BD. Après avoir erré à travers champs et sur les routes remplies de français fuyant les allemands, Amédée a enfin retrouvé son régiment. Auquel le colonel demande, peu après, de saboter leur matériel et de casser leurs fusils avant de se rendre à l’ennemi qui les a encerclés. Le 11ème rejoint alors une longue colonne de prisonniers qui se dirige vers des camps en Allemagne. Et Amédée se retrouve de nouveau sur la route…
« Neuf mois de guerre et je n’aurai pas tiré un seul coup de feu », commente Amédée quand il est fait prisonnier. La seconde guerre mondiale, rapidement perdue, a été aussi ça. Peut-être surtout ça. L’exode. De longues marches sur les routes. Et rien à faire qu’à attendre les ordres allemands. Alors, on s’occupe comme on peut. On tord le coup des chats pour améliorer l’ordinaire. On se délasse dans les rivières quand on a la chance d’en rencontrer une. On rêve de se faire la belle. Et on parle, beaucoup.

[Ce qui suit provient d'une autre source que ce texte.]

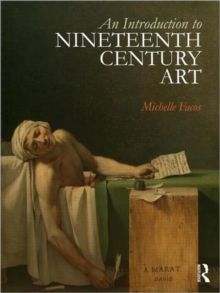 Image for An introduction to nineteenth century art  : artists and the challenge of modernity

On banalise. On essaie de tromper le temps et de penser à autre chose à coups de boutades et de saillies verbales comme quand le régiment découvre le petit comptable mort au petit matin et que l’un d’eux s’exclame: « C’est qu’un gland qui s’est pendu à un chêne ». Une gouaille qui rythme les marches forcées des soldats tandis que Rabaté observe les attitudes de chacun. Car s’ils sont tous soldats, obligés de vivre ensemble, dans une grande promiscuité (on dort les uns à côté des autres mais on chie aussi l’un en face de l’autre, presque les yeux dans les yeux…), ils viennent de classes sociales diverses. Et sont tous différents. Il y a les bavards, les insouciants, ceux qui obéissent un peu trop facilement aux ordres de l’ennemi et les précédent même. Ceux qui essaient de garder leurs principes coûte que coûte, ceux qui subissent et ceux qui préfèrent mourir que d’être battus…Et la guerre joue bien sûr le rôle de révélateur, mettant au grand jour petites trahisons, actes d’héroïsme, grandeur d’âme ou vraies saloperies.
Un très bon récit, qui aborde la guerre d’une autre façon, singulière, par la bande, superbement dessiné par Rabaté, qui livre ici un noir et blanc dépouillé qui fait mouche. Très recommandé.